Called ‘Minimum Information About a Disorder Experiment’, or MIADE, this set of guidelines is aimed at anyone working on disordered proteins, to help them share their data in a useful manner. This open and shared framework is set to help protein scientists increase protein data mining and interoperability.
“Besides defining the minimum amount of information about an experiment needed to make the results meaningful for other scientists, we also define how to report this information,” said Bálint Mészáros, former postdoctoral researcher in the Gibson Group at EMBL Heidelberg and a first author of the paper. “In essence, we develop a common language that can be used by the community to make communication unambiguous.”
Tackling data loss
“It’s very frustrating when you read a paper that describes great science, but you can’t make full sense of the data because something really important is missing,” explained Sandra Orchard, EMBL-EBI Team Leader for Protein Function Content. “Most of the time, the additional information exists, but the authors overlook the need to share it. It sounds silly, but one of the biggest data losses happens because submitters don’t say what species the protein they are working on is from.”
As the community adopts MIADE, more data should start getting through to public databases. This will allow researchers across the world to access information on related proteins and families of proteins they are interested in and compare their data with those of other labs. MIADE should ‘tidy up’ disordered protein research and make it more understandable for new people entering the field.
The structural characteristics of intrinsically disordered protein systems can be studied using various experimental techniques, including small angle X-ray scattering (SAXS) and small-angle neutron scattering (SANS). SASBDB, the database for SAXS and SANS, is maintained and curated by the EMBL Hamburg’s SAXS Team, which contributed to developing the MIADE guidelines.

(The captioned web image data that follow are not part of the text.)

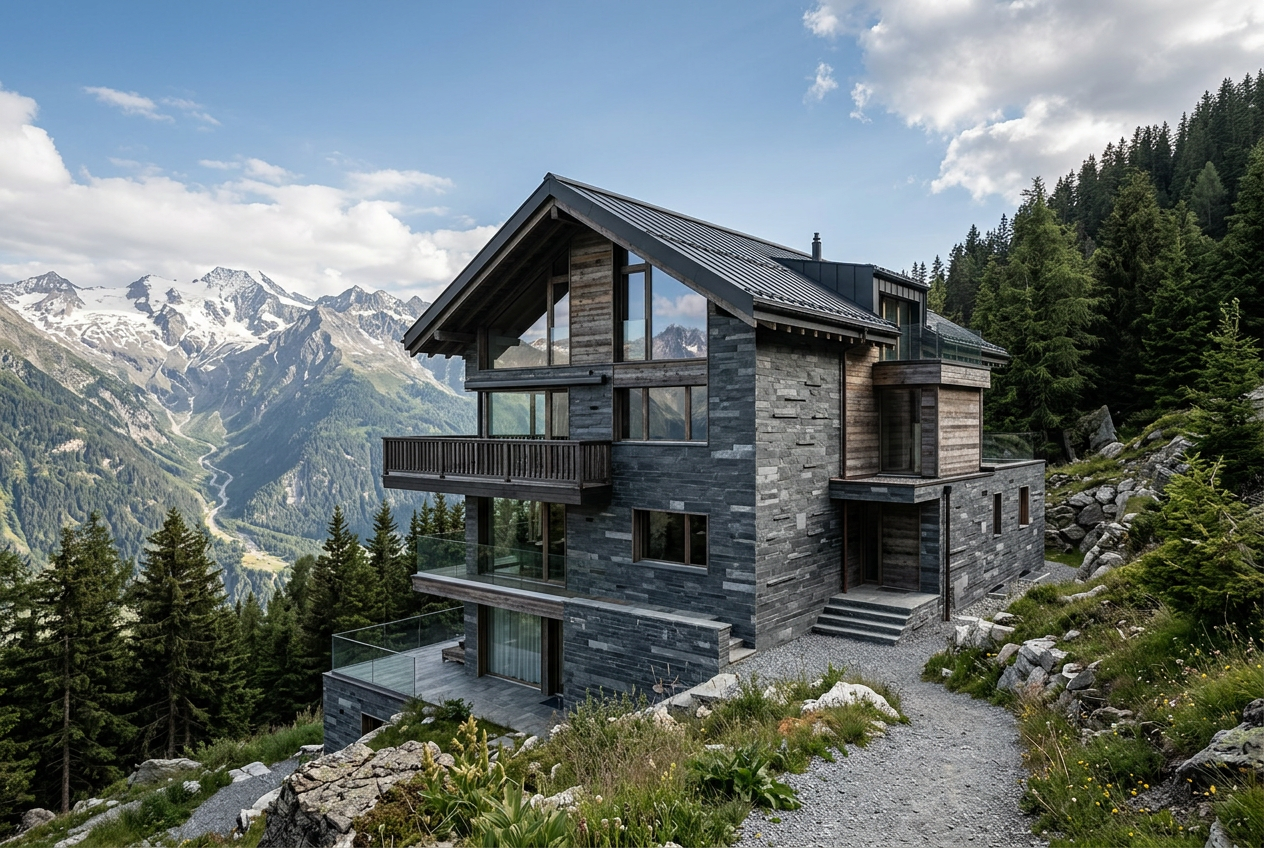 Exterior Stone - pierres naturelles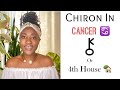 Chiron 🤕 in Cancer ♋️ Or 4th House 🏡 // Astrology // #Chiron #Cancer  #Astrology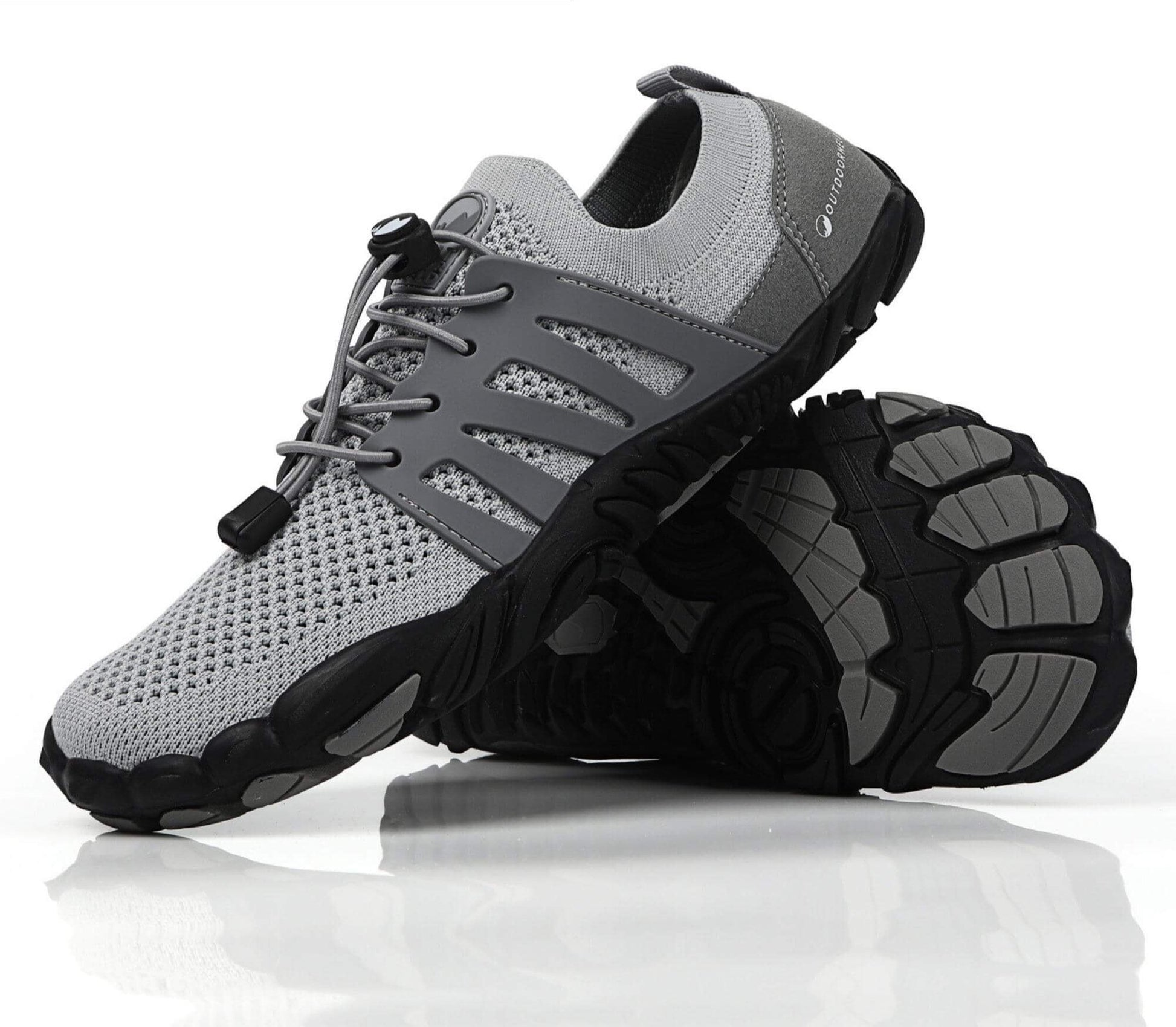 Kim – Unisex Hälsosamma och Bekväma Barfotaskor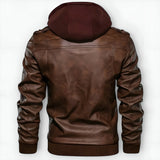 Louis™ | Salvador Leather Jacket - nadiazagreb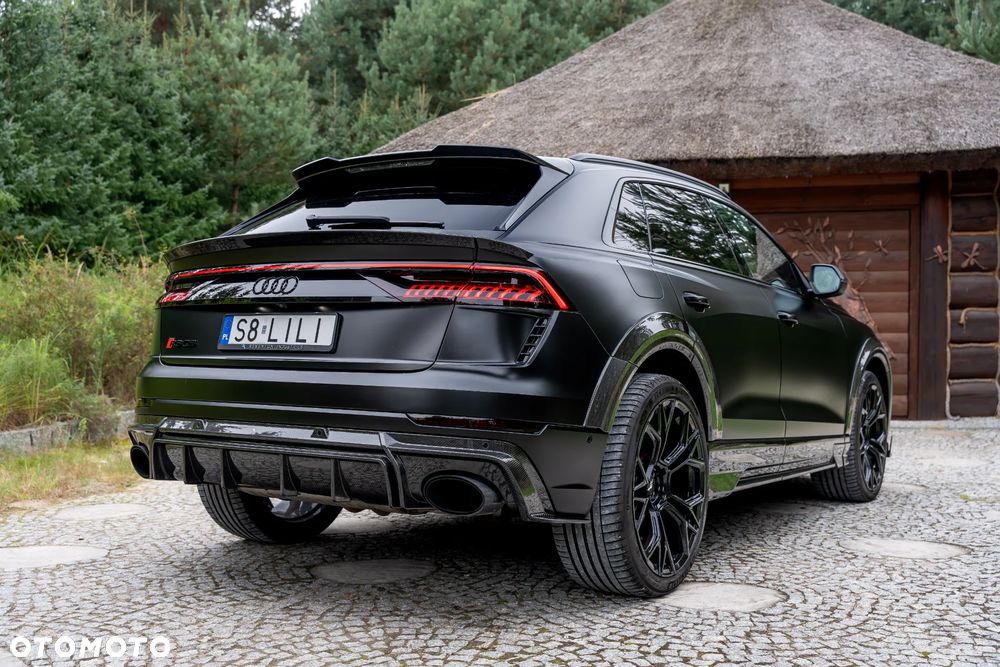 Audi RS Q8 - 14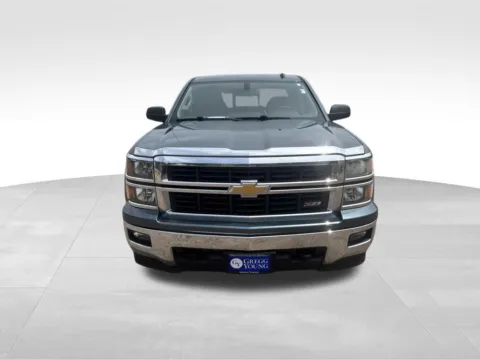 Another view of 2014 Chevrolet Silverado 1500 LT for sale in Columbus, NE at Gregg Young Chevrolet GMC of Columbus
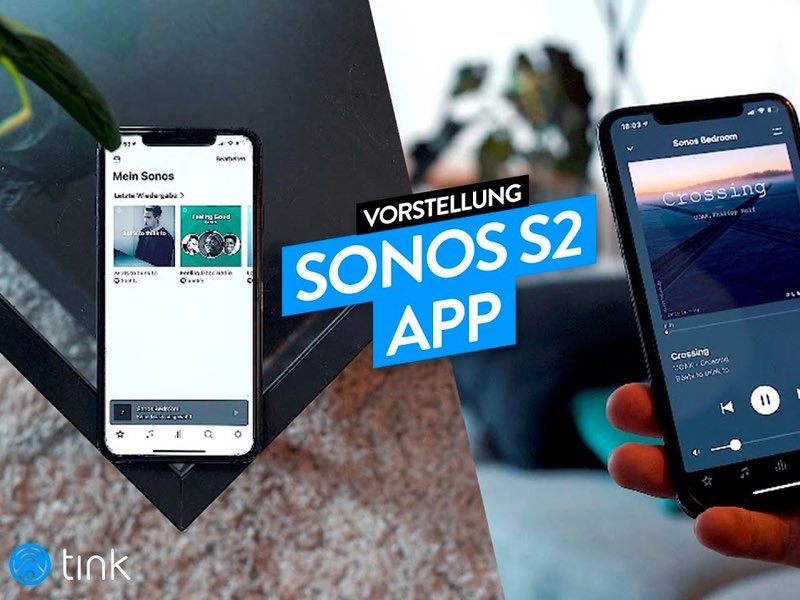 Sonos Apps im Vergleich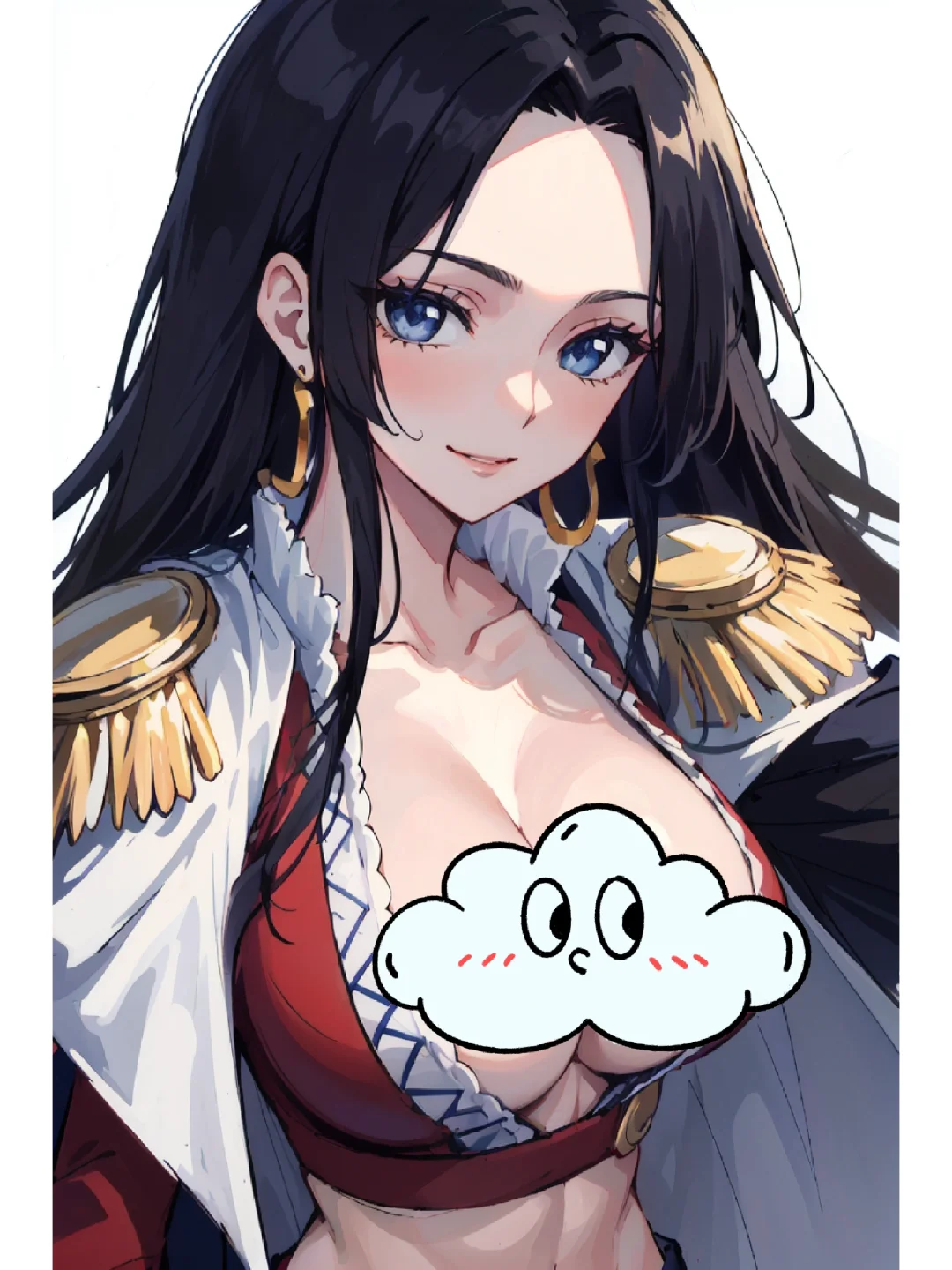 海贼王丨汉库克壁纸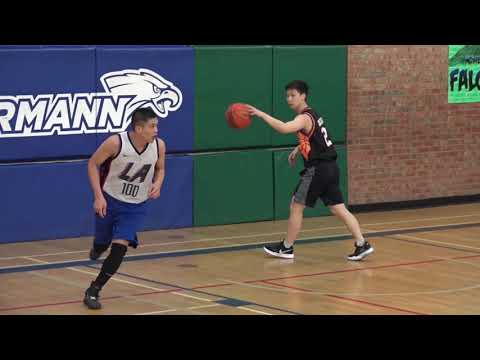 LA vs CASS | Sunday tier 5 playoffs - tcbl 2020 winter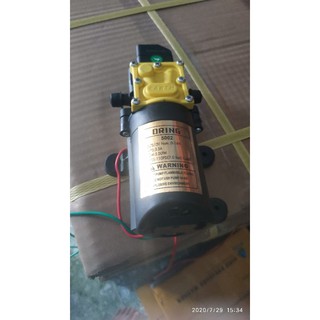 máy bơm nước mini 12v DRING EARTH .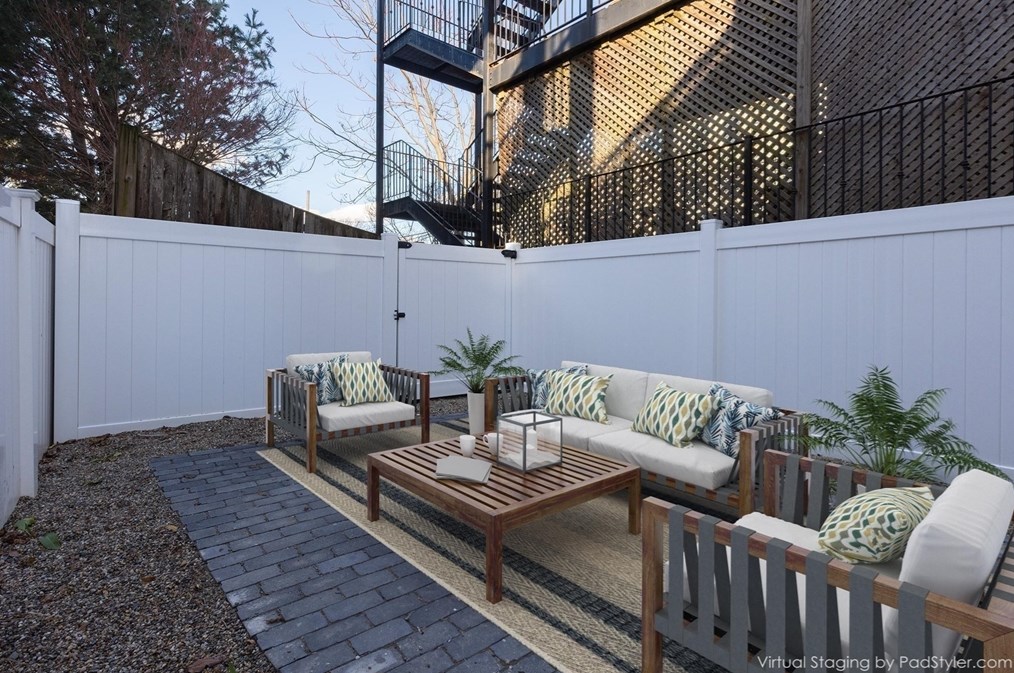 126 D St, Boston MA  exterior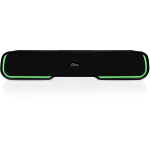 Media-Tech Bluetooth k&otilde;lar PHANTOM BT MT3180, 10 W, 10 h aku t&ouml;&ouml;aeg, FM raadio, sisseehitatud mikrofon, must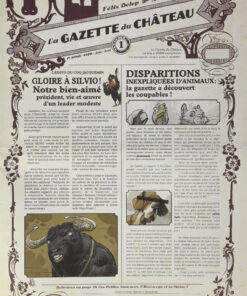 La Gazette du Château N° 1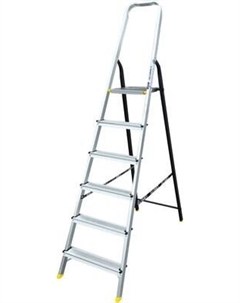 Лестница-стремянка Алюмет АМS7806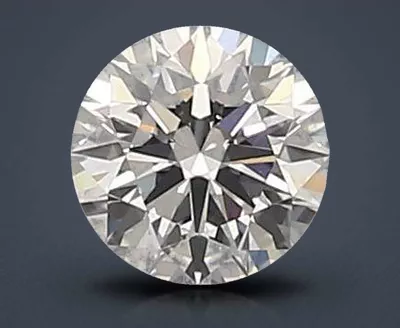 0.69ct D VVS1 Rare Carat Ideal Cut Round Lab Grown Diamond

“It’s essential that scientific results are shared; otherwise they might end up as ‘undiscovered-discoveries’,” said Cy Jeffries, Staff Scientist in the SAXS Team at EMBL Hamburg and co-author of the guidelines. “It was fantastic to work together with a diverse community of scientists, software engineers, programmers, and data resource managers. MIADE is a step towards ensuring scientists and data resources can communicate much more easily using a baseline set of terms and ideas that we (and computers) can all recognise.”
MIADE will also help enable using artificial intelligence for new discoveries on disordered proteins. The availability of vast, standardised data is crucial for training machine learning and artificial intelligence tools. With sufficient training data, researchers could develop machine learning tools to help predict new disordered proteins, interpret the effects of protein modifications, identify interacting regions, and much more.
A community effort
The MIADE guidelines provide a systematic framework to share experimental definitions that, besides SASBDB, will also benefit many other databanks, such as BMRB (for Nuclear Magnetic Resonance, NMR), PCDDB (for circular dichroism spectral data) and Protein Ensemble Database (PED). This is also important for forwarding and contextualising experimental data to ‘higher up’ bioinformatic resources like DisProt and other protein structural knowledge bases, like those developed at the PDBe.
The MIADE guidelines were developed by scientists from over 20 institutions in 11 countries. The work was led by the Institute of Cancer Research in London, UK. The project was supported by an ELIXIR implementation study.